1) First, you can't just superimpose your life-experiences onto others. Example: You chose education and training that was fairly hard to get. Fair enough. And good for you. But you couldn't have done that had you not won the birth lottery and been endowed with the intellect and the psychological makeup to handle it. Not everyone is so lucky. This concept is one of the important things that separates progressives from the right. Progressives tend to believe that good fortune is only partially of our own making, that we are all vulnerable to life's pitfalls, and that the very best societies value good safety nets. Those on the right tend to believe that it should be every man, woman, and child for her/himself, that good fortune is earned/deserved, and that everyone should be able to accomplish what they have done.

2) The world has changed and your position is terribly outdated. When I was entering the workforce, there were plenty of jobs and a family could make it on one salary. Intellect/education didn't really matter. If you couldn't go to college, there were plenty of good-paying jobs in packing houses, factories, construction, etc. Not so today. I was just reading about a study (in the Chicago Tribune)... 64% of 2009 college graduates are back living with their parents. Many of our very brightest and motivated young people aren't getting jobs at all, and many of those who do find jobs are being paid wages that aren't even subsistence level. The economy has become horribly distorted in favor of the oligarchy and against working people. The middle class is fast disappearing. To expect young families to just stop having children until living wages are restored is nonsense. If progressives continue to be ignored by lawmakers, poverty level wages could be an issue for generations.

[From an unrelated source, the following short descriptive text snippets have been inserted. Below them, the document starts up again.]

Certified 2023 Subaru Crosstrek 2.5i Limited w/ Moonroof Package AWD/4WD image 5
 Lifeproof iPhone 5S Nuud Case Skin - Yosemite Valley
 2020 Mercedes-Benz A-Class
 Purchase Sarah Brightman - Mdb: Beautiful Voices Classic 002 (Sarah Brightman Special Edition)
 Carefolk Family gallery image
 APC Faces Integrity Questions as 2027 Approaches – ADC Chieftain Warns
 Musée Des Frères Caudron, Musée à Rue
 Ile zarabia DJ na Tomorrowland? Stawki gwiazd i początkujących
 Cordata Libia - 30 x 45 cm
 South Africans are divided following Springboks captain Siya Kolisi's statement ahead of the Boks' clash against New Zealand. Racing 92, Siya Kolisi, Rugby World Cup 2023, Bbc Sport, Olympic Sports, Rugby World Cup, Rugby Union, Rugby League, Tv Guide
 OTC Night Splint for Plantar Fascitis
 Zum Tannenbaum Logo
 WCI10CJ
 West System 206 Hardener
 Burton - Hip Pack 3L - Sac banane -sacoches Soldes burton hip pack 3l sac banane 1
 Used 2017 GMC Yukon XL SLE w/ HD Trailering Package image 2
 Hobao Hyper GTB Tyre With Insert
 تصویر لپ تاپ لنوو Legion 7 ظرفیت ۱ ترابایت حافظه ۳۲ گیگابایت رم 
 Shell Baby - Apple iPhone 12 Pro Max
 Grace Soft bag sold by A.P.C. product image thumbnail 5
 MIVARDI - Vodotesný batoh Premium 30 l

Subsidizing child care is the very least we can do for young families who aren't being fairly compensated for their labor.

3) A society that is willing to spend trillions covering the gambling losses of bankers and funding wars about nothing should have no problem helping young, underpaid, working families procure decent child care.

4) Of all the outrageous tax expenditures you could oppose, it's incredibly odd that you would zero in on child care for young families who want/need to work. It is a position that is both cold and short-sighted.

5) You said, "But we need to rely on ourselves first and take it as a personal failure to need the help of someone else. Otherwise, there will only be people asking for help and none able/willing to give it." This is a complete fallacy; it is pure right-wing propaganda. You clearly have never worked with people who need help. Well I did... for years. Your perceptions about the psychology of seeking help are not only overly simplistic, they're wrong.

If asked to rank in order of preference how I'd prefer my tax dollars to be spent, child-care would be among the top five. And I say this as an old guy who followed a path similar to yours in that I always prepared for the worst, lived well below my means, made decent money, and so on. I realize that much of my good fortune was just plain luck... tweak just a few things and all the hard work in the world wouldn't have produced the same good result. You clearly don't get that, and by not getting that you reach erroneous conclusions.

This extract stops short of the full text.